SpaceX’s fourth Starship launches

SpaceX conducted its latest Starship test launch at 8:50AM EST on June 6, the fourth of such launches for the company and the first to achieve a successful controlled splashdown of its first-stage Super Heavy booster.

The 15-story-tall Starship is the largest and most powerful rocket ever built, and consists of two stages—a Super Heavy booster and the “Ship” module. The Super Heavy’s 33 methane- and liquid-oxygen fueled Raptor engines collectively generate 16.7 million pounds of thrust. SpaceX says the second-stage Ship is ultimately meant to accommodate as many as 100 crewmembers on voyages to the moon and Mars, if all goes according to plan.

Thursday’s launch was the fourth uncrewed attempt from SpaceX—each one advancing slightly further in the overall goal of successfully relanding the Starship rocket. The company’s first test in April 2023 lasted only four minutes before SpaceX ground controllers triggered a controlled detonation after Starship’s two stages failed to separate. The company nearly doubled their flight time in November 2023 and its most recent attempt in March managed to survive roughly 50 minutes before breaking up during atmospheric reentry.

[Related: SpaceX Starships keep exploding, but it’s all part of Elon Musk’s plan.]

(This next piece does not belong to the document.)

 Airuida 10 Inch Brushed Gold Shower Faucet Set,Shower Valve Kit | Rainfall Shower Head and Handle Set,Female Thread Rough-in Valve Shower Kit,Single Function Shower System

Like the previous test, the aim is for Ship to make a splashdown in the Indian Ocean while the Super Heavy booster has already dropped into the Gulf of Mexico near the SpaceX Starbase.

Starship’s reliability is key to NASA’s ongoing Artemis lunar program meant to pave the way for establishing a permanent human presence on the moon’s surface by the end of the decade. SpaceX is slated to provide a fully relaunchable Starship for the crewed Artemis 3 mission currently scheduled for September 2026.

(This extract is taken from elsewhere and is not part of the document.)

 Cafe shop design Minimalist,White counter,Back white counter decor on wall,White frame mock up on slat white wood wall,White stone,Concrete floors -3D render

Starship launches have not been without controversy. SpaceX’s April 2023 launch was described as “truly terrifying” by residents near the launchsite in Boca Chica, Texas, as it caused a “mini earthquake” while generating a 25-feet-deep crater. “Virtually everywhere” was covered with fine dust and sand grain in Port Isabel, and bowling
ball-sized debris
careened into an empty NASA van. Environmental advocates have also repeatedly voiced concerns about the effects of launches on nearby protected wildlife refuge areas. A total of 27 environmental, community, and indigenous organizations issued an open letter before the April 18 launch expressing their frustrations with ongoing tests, noting that Starbase is located near sacred lands for local indigenous communities.